Further innovations in the omega-3 space include BASF’s encapsulated omega-3 powders for infant and maternal nutrition, food fortification and dietary supplements, as well as microencapsulated omega-3 from algal oil, developed by the Australian CSIRO.
A focus on sustainability
Given that Johnsen believes fortifying food products with omega-3 is an effective way of encouraging consumer uptake, she is now concerned with making sure this process is done in the most sustainable way possible.
“If you want to increase intake, we should also consider the sources of marine omega-3 and how to achieve sustainable use,” she told delegates. “More and more consumers are focusing on responsible and sustainable consumption…
“Given the expected population growth of around 26% by 2050, we need almost a 70% increase of food calories to feed almost 10bn people. At the same time, we know that 35% of global fish catches are lost or wasted. So there is a clear need to utilise resources in a better way.”

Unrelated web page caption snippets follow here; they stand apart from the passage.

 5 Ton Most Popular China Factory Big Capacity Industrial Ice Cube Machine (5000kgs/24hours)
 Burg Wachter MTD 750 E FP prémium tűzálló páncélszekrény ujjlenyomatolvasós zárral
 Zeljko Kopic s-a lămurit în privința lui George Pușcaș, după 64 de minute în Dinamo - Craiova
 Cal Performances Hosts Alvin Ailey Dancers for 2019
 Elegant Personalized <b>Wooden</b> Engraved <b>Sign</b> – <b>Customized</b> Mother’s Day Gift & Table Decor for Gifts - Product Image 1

A potential solution lies in rest raw materials, meaning fish skins, bones, heads and viscera. These fish by-products contain a large amount of lipids, but in current food systems are either downcycled into lower valued products, such as animal feed, or discarded.
So how much fish waste is there today? Two years ago in Norway, it was estimated a total of one million tonnes of marine rest raw materials were generated from four million tonnes of raw material. These surplus materials contain 20% lipids and 15% proteins.
Johnsen argues lipids and proteins from this would-be-waste should be repurposed for the purpose of food fortification. “In this way, we can obtain higher value products for human consumption, not only fortified with omega-3, but with increased nutritional value from the proteins.
“In addition, marine fish proteins could replace some animal proteins. Fish gelatine [for example] can cater to consumer groups avoiding animal gelatine for religious or principle reasons.”
More research is needed in this space, suggested the researcher. Improved methods are required to increase the quality and amounts extracted from the rest raw materials, as is improved protection of the omega-3 for use in fortified foods.
And finally, although in general, consumers who favour sustainable consumption are more willing to accept waste value products, Johnsen suggested a better understanding of consumption perception and what factors are influencing these perceptions would benefit its uptake in the market.